The Senate Committee on Commerce, Science and Transportation convened this morning for a hearing on “Broadband Providers and Consumer Privacy.” The hearing acted as an addendum of sorts to the same committee’s July hearing on “Privacy Implications of Online Advertising,” which ISPs failed to attend despite an invitation from committee member Senator Byron Dorgan of North Dakota.
Both hearings, suggested Dorgan, are part of a learning process for legislators, who are still pondering whether legislation or Federal Trade Commission enforcement capabilities need to be extended to cover ISP-based ad targeting.
“All of this is constructive for us…to understand what is necessary,” said Dorgan, a Democrat. However, he did note, “I do think we need to update our privacy laws” to require similar protections “across platforms.”

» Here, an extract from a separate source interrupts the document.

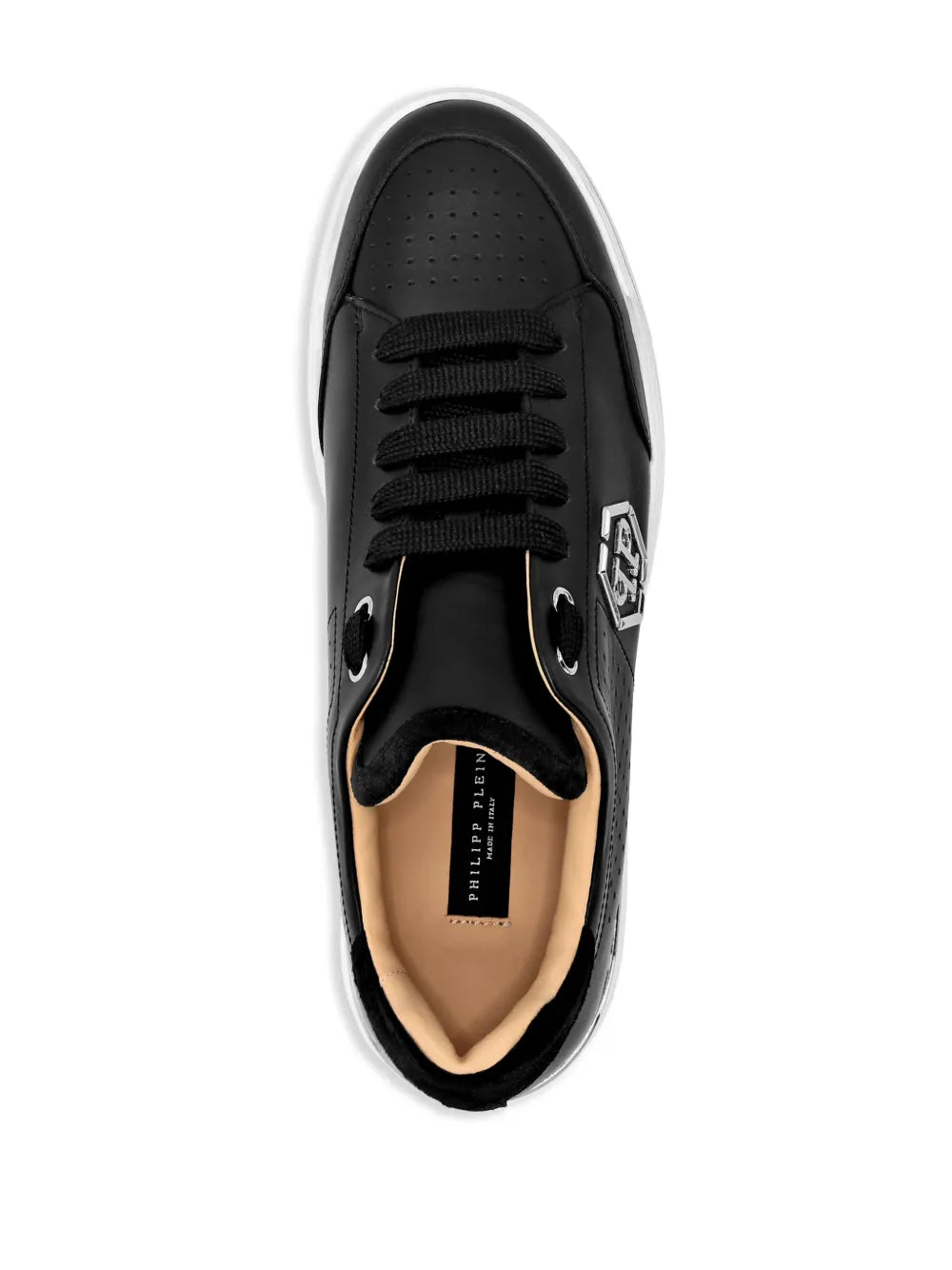 Philipp Plein Logo-Print Leather Sneakers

Members of the House of Representatives have also expressed an interest in the ISP-based ad targeting practice. In August, several ISPs were asked by a House Energy and Commerce Subcommittee to provide information on their ad targeting activities.
Recognizing the value of online advertising in addition to the need for transparency and disclosure by companies gathering and using online consumer data, Ranking Member Senator Kay Bailey Hutchison of Texas said, “I hope we don’t charge into legislation in this area.”
Her fellow Republican, Senator John Thune of South Dakota said self-regulation is “a preferable solution to us [legislating] in this area.” However, he added any self-regulatory scheme would need to be “comprehensive.”
Though Dorgan agreed there should be no rush to enact new laws, he suggested legislation may be necessary in the future. During the July hearing, Dorgan implied the FTC may need to be given the ability to enforce its proposed guidelines for self-regulation of behavioral ad targeting.
Dorgan cited a new Consumer Reports National Research Center poll showing that 57 percent of consumers think companies are required to identify themselves and state their purposes for data collection and sharing. Over 40 percent said they believed a court order is needed to monitor online activity.
Gigi Sohn, president and co-founder, Public Knowledge, an organization whose mission is to defend consumer rights in the digital age, is already convinced legislators should move forward. Comprehensive legislation is needed, she said.
Rather than applying its guidelines only to personally-identifiable information (PII), Time Warner aims to require affirmative consent from its ISP customers for use of any consumer data to target ads, whether or not it is considered PII. “What we’re proposing is that we would not…use your information, whether or not we could attribute it to you personally, to target online advertising to you,” said Time Warner Cable Chief Strategy Officer Peter Stern.
ISP representatives also stressed the need for universal guidelines for dealing with online consumer data. “Any privacy framework for behavioral targeting must apply to all entities involved,” said Dorothy Attwood, SVP public policy and chief privacy officer at AT&T Services. Unless parties including site publishers and ad technology firms do not abide by the same requirements, she added, “I can’t do anything to prevent that customer from being tracked by other entities.”
“A framework that leaves any provider uncovered would leave all [consumers] unprotected,” affirmed Time Warner’s Stern. He also stated clear and timely notice of what data is collected and how it will be used is also imperative. “And by this we don’t mean fine print, we mean prominent and plain English.”
In the end, said Verizon’s Tauke, privacy protections are not necessarily bad for business. “The worst thing for our industry is if consumers are afraid to use the Internet,” he said.